*TASK OBJECTIVE:*
From the entries below, transcribe exactly the lines between the line holding "Bild: Neue Studie: 68" and the line holding "体积仅70MB，图片一键智能", inclusive; skip all other lines.

*SOURCE RECORDS:*

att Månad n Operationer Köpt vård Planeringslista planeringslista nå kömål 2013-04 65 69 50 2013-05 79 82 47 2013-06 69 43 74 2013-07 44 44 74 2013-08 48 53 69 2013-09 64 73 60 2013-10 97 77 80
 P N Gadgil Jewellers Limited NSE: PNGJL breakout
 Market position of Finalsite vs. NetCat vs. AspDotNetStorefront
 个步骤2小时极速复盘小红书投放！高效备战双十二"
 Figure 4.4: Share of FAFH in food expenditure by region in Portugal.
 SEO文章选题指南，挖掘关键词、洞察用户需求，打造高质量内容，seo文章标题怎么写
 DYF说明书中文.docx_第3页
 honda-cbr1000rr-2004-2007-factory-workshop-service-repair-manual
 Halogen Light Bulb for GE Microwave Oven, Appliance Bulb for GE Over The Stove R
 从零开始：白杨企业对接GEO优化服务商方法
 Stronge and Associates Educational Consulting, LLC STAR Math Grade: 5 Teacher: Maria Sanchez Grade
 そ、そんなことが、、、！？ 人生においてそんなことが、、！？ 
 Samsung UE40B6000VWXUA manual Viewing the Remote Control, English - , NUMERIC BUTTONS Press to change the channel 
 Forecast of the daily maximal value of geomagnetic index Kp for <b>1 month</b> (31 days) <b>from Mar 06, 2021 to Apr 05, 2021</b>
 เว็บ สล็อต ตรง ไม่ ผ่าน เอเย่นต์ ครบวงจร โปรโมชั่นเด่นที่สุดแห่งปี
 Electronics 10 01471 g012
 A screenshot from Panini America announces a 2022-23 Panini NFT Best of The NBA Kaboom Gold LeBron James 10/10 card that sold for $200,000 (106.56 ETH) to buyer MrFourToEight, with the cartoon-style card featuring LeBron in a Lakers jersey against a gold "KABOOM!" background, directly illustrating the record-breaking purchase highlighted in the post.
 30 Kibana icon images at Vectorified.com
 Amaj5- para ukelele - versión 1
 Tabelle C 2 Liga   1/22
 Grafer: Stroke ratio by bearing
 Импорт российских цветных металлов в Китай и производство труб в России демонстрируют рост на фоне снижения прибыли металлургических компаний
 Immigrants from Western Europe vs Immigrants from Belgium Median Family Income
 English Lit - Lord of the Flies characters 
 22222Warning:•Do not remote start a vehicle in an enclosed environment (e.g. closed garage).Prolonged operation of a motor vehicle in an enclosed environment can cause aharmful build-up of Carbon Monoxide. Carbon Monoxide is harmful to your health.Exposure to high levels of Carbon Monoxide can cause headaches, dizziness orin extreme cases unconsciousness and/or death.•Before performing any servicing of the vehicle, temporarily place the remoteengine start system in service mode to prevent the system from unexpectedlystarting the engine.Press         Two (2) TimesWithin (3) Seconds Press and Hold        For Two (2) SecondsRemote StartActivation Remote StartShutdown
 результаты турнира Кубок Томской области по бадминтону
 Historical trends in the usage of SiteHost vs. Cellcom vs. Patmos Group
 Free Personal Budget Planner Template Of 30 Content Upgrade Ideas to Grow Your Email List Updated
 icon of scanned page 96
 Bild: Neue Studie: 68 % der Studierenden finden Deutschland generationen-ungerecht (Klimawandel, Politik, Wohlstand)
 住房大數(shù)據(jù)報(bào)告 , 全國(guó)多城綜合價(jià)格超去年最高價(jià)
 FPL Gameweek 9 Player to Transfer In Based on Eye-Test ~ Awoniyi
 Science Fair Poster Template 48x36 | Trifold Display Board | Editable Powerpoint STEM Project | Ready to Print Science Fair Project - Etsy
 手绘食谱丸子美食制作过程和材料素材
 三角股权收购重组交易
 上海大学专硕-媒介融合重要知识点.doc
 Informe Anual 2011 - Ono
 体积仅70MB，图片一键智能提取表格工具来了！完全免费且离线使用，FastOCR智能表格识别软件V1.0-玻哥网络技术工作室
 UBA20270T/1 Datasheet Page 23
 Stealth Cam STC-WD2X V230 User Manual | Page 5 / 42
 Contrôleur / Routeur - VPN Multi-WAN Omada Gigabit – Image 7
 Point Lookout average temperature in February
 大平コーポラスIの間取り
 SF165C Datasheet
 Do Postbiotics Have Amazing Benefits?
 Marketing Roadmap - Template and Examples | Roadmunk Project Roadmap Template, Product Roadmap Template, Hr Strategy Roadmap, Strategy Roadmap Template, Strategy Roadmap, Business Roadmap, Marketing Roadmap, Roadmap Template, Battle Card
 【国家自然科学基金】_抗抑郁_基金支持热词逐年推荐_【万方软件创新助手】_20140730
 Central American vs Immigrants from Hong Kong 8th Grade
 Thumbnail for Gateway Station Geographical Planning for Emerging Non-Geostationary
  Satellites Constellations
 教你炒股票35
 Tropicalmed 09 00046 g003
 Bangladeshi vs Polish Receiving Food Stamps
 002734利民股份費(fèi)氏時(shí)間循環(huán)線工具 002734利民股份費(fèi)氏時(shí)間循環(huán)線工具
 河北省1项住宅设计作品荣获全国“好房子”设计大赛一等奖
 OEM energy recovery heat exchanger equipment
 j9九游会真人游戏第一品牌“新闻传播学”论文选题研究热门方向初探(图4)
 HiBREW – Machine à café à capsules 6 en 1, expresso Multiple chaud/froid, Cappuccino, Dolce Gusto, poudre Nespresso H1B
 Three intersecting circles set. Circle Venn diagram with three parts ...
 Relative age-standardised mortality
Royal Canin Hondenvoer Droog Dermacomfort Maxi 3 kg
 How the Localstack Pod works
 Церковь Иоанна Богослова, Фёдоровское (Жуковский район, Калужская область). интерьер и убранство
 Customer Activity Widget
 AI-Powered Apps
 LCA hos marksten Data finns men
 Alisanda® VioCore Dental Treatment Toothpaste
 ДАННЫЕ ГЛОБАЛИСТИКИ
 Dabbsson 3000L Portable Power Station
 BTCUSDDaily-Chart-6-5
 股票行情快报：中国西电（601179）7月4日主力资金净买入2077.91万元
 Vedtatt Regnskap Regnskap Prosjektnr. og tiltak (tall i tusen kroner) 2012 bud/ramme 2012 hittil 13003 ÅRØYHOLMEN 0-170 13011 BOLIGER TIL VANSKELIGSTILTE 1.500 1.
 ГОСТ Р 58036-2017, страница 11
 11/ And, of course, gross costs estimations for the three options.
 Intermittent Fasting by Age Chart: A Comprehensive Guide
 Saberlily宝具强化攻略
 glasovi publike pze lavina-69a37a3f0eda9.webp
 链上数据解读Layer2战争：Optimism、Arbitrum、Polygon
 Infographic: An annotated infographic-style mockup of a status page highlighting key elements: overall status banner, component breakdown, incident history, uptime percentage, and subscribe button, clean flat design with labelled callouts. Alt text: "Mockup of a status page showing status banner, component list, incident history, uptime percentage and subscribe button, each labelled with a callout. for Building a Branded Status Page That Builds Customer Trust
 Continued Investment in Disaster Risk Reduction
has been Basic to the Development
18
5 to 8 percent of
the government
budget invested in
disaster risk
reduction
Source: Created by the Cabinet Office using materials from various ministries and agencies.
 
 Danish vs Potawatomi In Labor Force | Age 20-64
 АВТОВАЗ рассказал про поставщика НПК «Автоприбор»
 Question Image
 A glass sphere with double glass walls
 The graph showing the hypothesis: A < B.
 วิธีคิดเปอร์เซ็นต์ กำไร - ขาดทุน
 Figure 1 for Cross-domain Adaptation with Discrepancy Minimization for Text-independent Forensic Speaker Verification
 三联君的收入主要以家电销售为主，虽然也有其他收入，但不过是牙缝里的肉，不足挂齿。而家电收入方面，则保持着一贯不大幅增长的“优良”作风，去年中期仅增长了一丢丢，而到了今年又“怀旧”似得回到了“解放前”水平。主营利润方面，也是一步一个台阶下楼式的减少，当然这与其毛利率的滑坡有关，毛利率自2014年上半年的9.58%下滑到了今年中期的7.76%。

*ANSWER TO THIS EXERCISE:*
 Bild: Neue Studie: 68 % der Studierenden finden Deutschland generationen-ungerecht (Klimawandel, Politik, Wohlstand)
 住房大數(shù)據(jù)報(bào)告 , 全國(guó)多城綜合價(jià)格超去年最高價(jià)
 FPL Gameweek 9 Player to Transfer In Based on Eye-Test ~ Awoniyi
 Science Fair Poster Template 48x36 | Trifold Display Board | Editable Powerpoint STEM Project | Ready to Print Science Fair Project - Etsy
 手绘食谱丸子美食制作过程和材料素材
 三角股权收购重组交易
 上海大学专硕-媒介融合重要知识点.doc
 Informe Anual 2011 - Ono
 体积仅70MB，图片一键智能提取表格工具来了！完全免费且离线使用，FastOCR智能表格识别软件V1.0-玻哥网络技术工作室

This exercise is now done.